They were concerned that they may have been on the wrong track and considered turning back but their compass assured them they were on the correct course. Once they saw the sign “Frontiere’ they knew they “had emerged onto a broad hard road. The reason we remembered it so clearly was that one of us had said, quite reasonably, “Ah, now that we have arrive in French territory again, the French are determined to show what good roads they have!”

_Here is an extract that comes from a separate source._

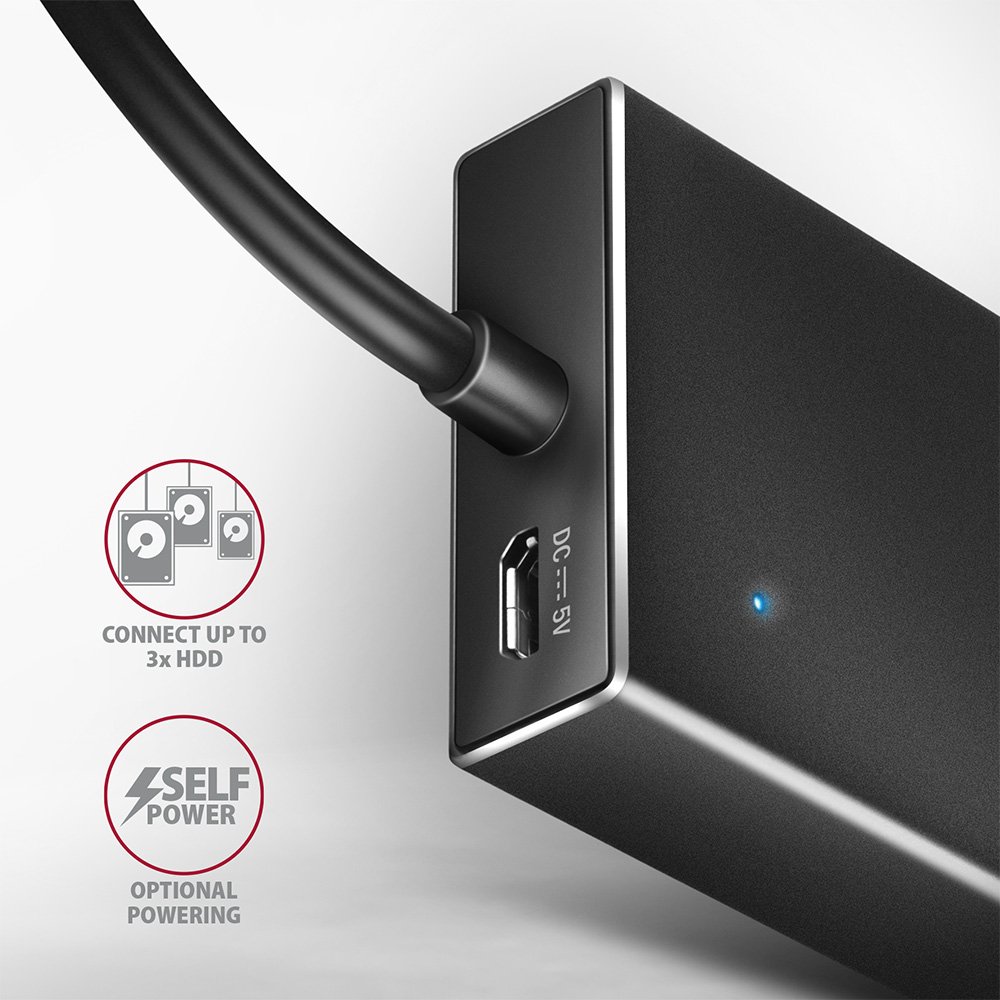 AXAGON hub USB-A / HUE-F7A / USB 3.2 Gen1 / 7x USB-A / hliníkové tělo / 1m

That this road wasn’t good at all: in fact it was most unpleasant. True, it was straight and wide and from edge to edge it was covered to the depth of some 6 or 8 inches with loose soft moist earth, which afforded no grip even for our huge Dunlop tyres, so that the car proceeded crabwise, first sliding one-way and then the other. Darkness had fallen and in the blackness it was a matter of some difficulty for me to keep the skidding car from slithering bodily off the road altogether. As we progressed sideways on this most unpleasant surface, we argued again as to whether this could be right, but at last we agree that we had seen another track, apparently now disused, bearing off to the right and concluded that this was a new road just made and not yet settled down. Anyway it was only 17 miles to Mora and we were bound to get there some time. Mora is the French Cameroon Customs Post and as the important place in the district, it was clear that this road must go there. So we proceeded crabwise at a steady 30 mph through the darkness.”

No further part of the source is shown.